Эдельсон вел себя как заботливый антрепренер. Он поставил свечи на круглом столе в гостиной, потребовал графин с водой и подложил под руку Островскому карандаш, чтобы тот мог делать пометки в рукописи во время чтения. Несмотря на манеру чтеца говорить несколько в нос и показавшуюся молодым слушательницам забавной привычку держать большой палец в верхней бутоньерке фрака, успех чтения был полный.
Читал Островский с поразительной простотой, нигде не нажимая на выигрышные реплики. Но, пользуясь благоприятным случаем, про себя будто взвешивал, проверял и оценивал заново каждую фразу. Спокойствие и серьезность чтеца усиливали комический эффект, когда он читал за сваху, Липочку или Подхалюзина. В роли же Большова, особенно в последнем акте, рядом с комическими звучали и трагические ноты, естественные для положения замоскворецкого короля Лира, обманутого собственными детьми.

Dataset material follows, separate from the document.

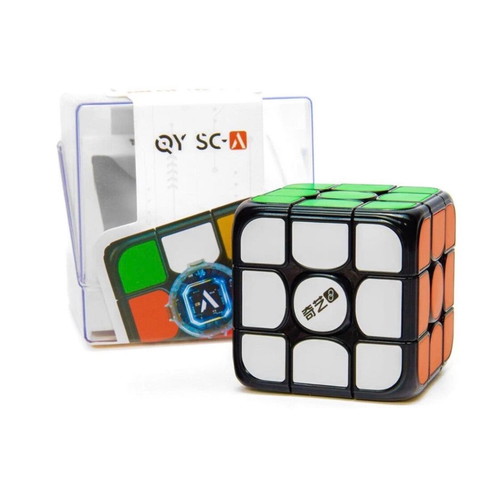 Rubik’s Cube Bluetooth Smart Cube 3x3 new, Art version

Островский сравнительно легко согласился проверить себя на провинциальных слушателях, и можно было полагать, что, вернувшись в Москву, он станет теперь читать свою комедию и в столичных домах. Однако это произошло не сразу: Островский как бы придерживал комедию и до лета 1849 года нигде не читал ее. Был ли автор занят какой-то дополнительной шлифовкой пьесы? Возможно. Хотя вернее предположить, что его смутили и напугали события весны 1849 года. Раз спущенная со стопора пружина реакции продолжала раскручиваться.